> [EXERCISE]: Go through the following data and transcribe exactly the stretch of lines from the one holding "Khách bỏ quên" to the one holding "Santa Isabel: Nueva apertura de los Buzones de la Vida Santa", both included.

DATA EXTRACT: Begin

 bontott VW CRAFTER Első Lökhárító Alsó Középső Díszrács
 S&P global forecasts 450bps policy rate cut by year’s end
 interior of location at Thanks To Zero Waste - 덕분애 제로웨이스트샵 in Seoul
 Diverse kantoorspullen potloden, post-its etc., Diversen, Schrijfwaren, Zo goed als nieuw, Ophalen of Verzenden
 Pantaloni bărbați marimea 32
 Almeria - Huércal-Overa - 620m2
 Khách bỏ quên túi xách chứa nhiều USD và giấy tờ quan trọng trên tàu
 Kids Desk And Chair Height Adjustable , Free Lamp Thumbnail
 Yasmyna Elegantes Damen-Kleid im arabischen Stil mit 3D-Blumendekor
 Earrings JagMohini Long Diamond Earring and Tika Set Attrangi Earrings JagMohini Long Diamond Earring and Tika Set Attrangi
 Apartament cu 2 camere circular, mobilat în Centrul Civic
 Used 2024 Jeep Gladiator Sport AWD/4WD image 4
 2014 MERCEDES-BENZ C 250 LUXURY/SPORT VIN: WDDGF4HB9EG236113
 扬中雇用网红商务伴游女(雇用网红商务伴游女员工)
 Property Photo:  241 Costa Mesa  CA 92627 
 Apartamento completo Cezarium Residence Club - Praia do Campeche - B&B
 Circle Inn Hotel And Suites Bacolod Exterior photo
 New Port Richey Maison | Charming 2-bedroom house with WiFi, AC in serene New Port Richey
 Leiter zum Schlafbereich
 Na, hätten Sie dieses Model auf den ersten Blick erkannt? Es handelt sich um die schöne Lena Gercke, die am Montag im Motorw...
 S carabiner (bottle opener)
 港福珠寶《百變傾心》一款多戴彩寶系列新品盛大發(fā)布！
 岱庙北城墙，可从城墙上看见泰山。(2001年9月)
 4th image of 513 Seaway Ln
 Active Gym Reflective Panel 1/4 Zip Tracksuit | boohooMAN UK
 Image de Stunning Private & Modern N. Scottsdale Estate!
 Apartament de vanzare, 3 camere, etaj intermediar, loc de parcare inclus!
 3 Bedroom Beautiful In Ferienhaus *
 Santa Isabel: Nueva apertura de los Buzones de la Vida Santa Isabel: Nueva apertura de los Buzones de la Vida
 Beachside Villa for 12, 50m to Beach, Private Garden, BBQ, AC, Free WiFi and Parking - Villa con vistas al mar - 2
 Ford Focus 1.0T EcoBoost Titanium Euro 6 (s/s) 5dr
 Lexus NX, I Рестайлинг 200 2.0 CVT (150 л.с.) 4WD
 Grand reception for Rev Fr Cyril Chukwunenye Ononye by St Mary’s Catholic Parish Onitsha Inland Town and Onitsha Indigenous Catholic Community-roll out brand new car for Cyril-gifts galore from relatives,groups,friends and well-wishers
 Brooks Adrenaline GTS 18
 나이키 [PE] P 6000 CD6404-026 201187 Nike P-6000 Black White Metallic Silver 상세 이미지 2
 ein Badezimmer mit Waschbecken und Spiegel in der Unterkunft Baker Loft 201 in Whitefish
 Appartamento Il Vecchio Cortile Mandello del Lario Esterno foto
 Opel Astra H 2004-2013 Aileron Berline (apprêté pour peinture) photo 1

DATA EXTRACT: End

> [TASK OUTPUT]:
 Khách bỏ quên túi xách chứa nhiều USD và giấy tờ quan trọng trên tàu
 Kids Desk And Chair Height Adjustable , Free Lamp Thumbnail
 Yasmyna Elegantes Damen-Kleid im arabischen Stil mit 3D-Blumendekor
 Earrings JagMohini Long Diamond Earring and Tika Set Attrangi Earrings JagMohini Long Diamond Earring and Tika Set Attrangi
 Apartament cu 2 camere circular, mobilat în Centrul Civic
 Used 2024 Jeep Gladiator Sport AWD/4WD image 4
 2014 MERCEDES-BENZ C 250 LUXURY/SPORT VIN: WDDGF4HB9EG236113
 扬中雇用网红商务伴游女(雇用网红商务伴游女员工)
 Property Photo:  241 Costa Mesa  CA 92627 
 Apartamento completo Cezarium Residence Club - Praia do Campeche - B&B
 Circle Inn Hotel And Suites Bacolod Exterior photo
 New Port Richey Maison | Charming 2-bedroom house with WiFi, AC in serene New Port Richey
 Leiter zum Schlafbereich
 Na, hätten Sie dieses Model auf den ersten Blick erkannt? Es handelt sich um die schöne Lena Gercke, die am Montag im Motorw...
 S carabiner (bottle opener)
 港福珠寶《百變傾心》一款多戴彩寶系列新品盛大發(fā)布！
 岱庙北城墙，可从城墙上看见泰山。(2001年9月)
 4th image of 513 Seaway Ln
 Active Gym Reflective Panel 1/4 Zip Tracksuit | boohooMAN UK
 Image de Stunning Private & Modern N. Scottsdale Estate!
 Apartament de vanzare, 3 camere, etaj intermediar, loc de parcare inclus!
 3 Bedroom Beautiful In Ferienhaus *
 Santa Isabel: Nueva apertura de los Buzones de la Vida Santa Isabel: Nueva apertura de los Buzones de la Vida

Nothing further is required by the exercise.